Brown started using AVHRR in 1989, working with Kevin Gallo at the Center making graphics with Global Vegetation Index data. In 1988, a great drought across the Northern Plains helped prove the ability of initial AVHRR products to monitor vegetation health here in the United States. A year later, EROS started producing wall-to-wall vegetation greenness images for the conterminous U.S., Brown said.

“These products coming out in near real time were great for operational uses,” she said. “And we couldn’t have done it without the dish on our roof providing data every day.”

In that sense, AVHRR with its daily acquisitions and its biweekly composites showed the first potential of looking at landscapes and land cover change across time, and in near real time.
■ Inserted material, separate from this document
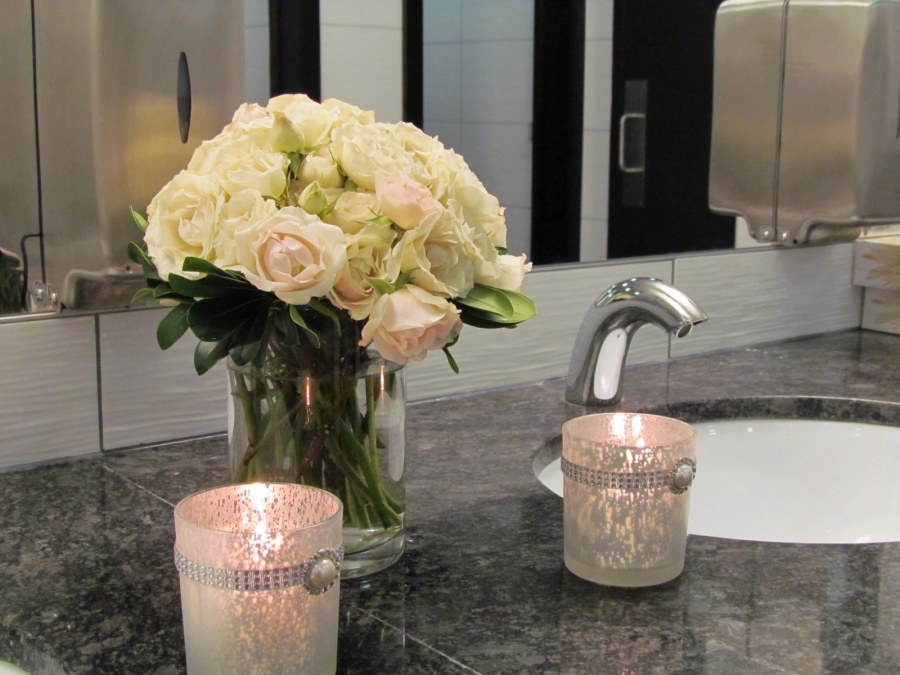 Цветочная композиция в ванную комнату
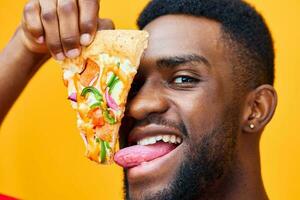 Lieferung Mann Pizza glücklich schnell schwarz heiter Essen Hintergrund halt Kerl Lächeln Essen foto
In many ways, it showed the potential of using remote sensing in a time domain, spurring the evolution of such ideas as data cubes and inspiring the possibility of future endeavors like the USGS’ Land Change Monitoring, Assessment, and Projection (LCMAP) initiative.

AVHRR Remote Sensing Phenology Start of 2013 Season Graphic
AVHRR Phenology Start of Season graphic for 2013.

AVHRR enabled the compilation of Normalized Difference Vegetation Index (NDVI) images at EROS to measure vegetation conditions across the U.S.—allowing for not only the estimation of the location and amount of green vegetation, but also the comparison of that information to the relative norm from the previous week, year, or 30-year average.

Those NDVI compilations were useful in measuring fire fuel loads and dangers, particularly in the western states. And Brown made AVHRR the centerpiece of her work with drought monitoring through two important drought indices—the Vegetation Drought Response Index (VegDRI) and Quick Drought Response Index (QuickDRI).

“My career has been certainly supported by these data,” she said. “It really supported a lot of interesting research. For scientists, we’re always poking around and wanting to find a reason for something, and AVHRR provided that.”

Or at least it did. Knowing that the AVHRR imager on the NOAA-19 satellite would be the last, Brown and others began transitioning to NASA’s Moderate Resolution Imaging Spectrometer (MODIS) and eMODIS data long ago with its equally good temporal resolution and higher resolution data. Now with MODIS sensors aboard NASA’s Terra and Aqua satellites aging as well, the next generation sensor—the Visible Infrared Imaging Radiometer Suite (VIIRS) aboard the Suomi National Polar-orbiting Partnership and NOAA-20 weathers—is the future of greenness mapping.

Against that reality—and with the last NOAA satellite carrying the AVHRR imager now having slipped too far out of its necessary orbit to provide scientifically sound data anymore—it seemed to some at least a good time to reflect on an old war horse and its impact on EROS.

“The lessons learned with AVHRR and refined during the MODIS era are now the foundation for how people are using Landsat,” Loveland said. “So, in many ways, AVHRR has had a massive impact on the world, and where we are at EROS are today.”